LA REPUBBLICA (M. PINCI) - Raccontano che martedì, nella notte di Manchester, mentre mille romanisti festeggiavano l’1-1 contro il City, qualcuno nella delegazione romanista covasse addirittura il rammarico di non aver raccolto i tre punti. Indicativo di cosa stia capitando dalle parti di Trigoria: a 495 giorni appena dal 26 maggio 2013, la coppa persa contro la Lazio e il punto più basso della gestione americana, il pari di Champions ha detto a tutti che l’Europa non fa più paura. Che la Roma ha raggiunto una dimensione diversa, finalmente internazionale, in grado di giocare alla pari persino con i campioni d’Inghilterra. «Fino a ieri pensavamo di essere forti, Manchester ci ha dato la consapevolezza di esserlo», il pensiero di più di qualcuno nello spogliatoio giallorosso dopo il match dell’Etihad. Una partita accolta con sorriso smerigliato soprattutto dal presidente Pallotta, spettatore orgoglioso in Inghilterra della prova di una Roma padrona del campo che non ha avuto paura di giocare il proprio calcio nella tana di un club capace di vincere due Premier negli ultimi tre anni.

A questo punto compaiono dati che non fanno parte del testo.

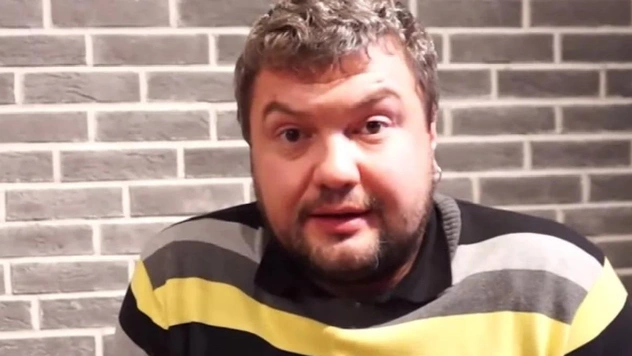 В Новосибирске хулиганы избили комментатора Романа Скворцова: он в тяжелом состоянии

La condizione mentale ideale, forse, per approcciare alla gara con la Juventus rivale nella corsa scudetto: perché se allo Stadium la Roma è sempre arrivata in cerca di un’impresa raccogliendo regolarmente magrissime figure, domenica si presenterà da pari a pari, grazie al passaporto da grande vidimato alla frontiera britannica. «La parola sconfitta dev’essere cancellata dalla nostra mente, la Roma può battere chiunque», garantisce Keita.
Semmai i problemi di Garcia sono altri, gli stessi che lo costringono da inizio stagione a scelte obbligate. La Roma che affronterà Tevez e soci somiglierà moltissimo a quella di Manchester: coppia centrale e trio di centrocampo non hanno alternative, Maicon e Cole si spartiranno le due fasce, Gervinho farà compagnia a Totti. Mentre dei tanti assenti - Castan, Astori, De Rossi, Strootman, Uçan e Borriello - nessuno farà all’allenatore il regalo di anticipare i tempi: solo De Sanctis spera di riprendersi la porta dopo averla lasciata al giovane Skorupski nell’inferno dell’Etihad.
L’unica vera novità nell’undici di partenza, allora, potrebbe essere Iturbe, che non gioca una gara dall’inizio dal match di metà settembre contro il Cska, quello del primo gol da romanista e dell’infortunio che lo ha tenuto fuori fino a martedì: in estate dopo essere stato a un passo dalla Juve saltò la barricata trasferendosi da Garcia. Che oggi punta su di lui per affermare anche a Torino la nouvelle vague della sua Roma.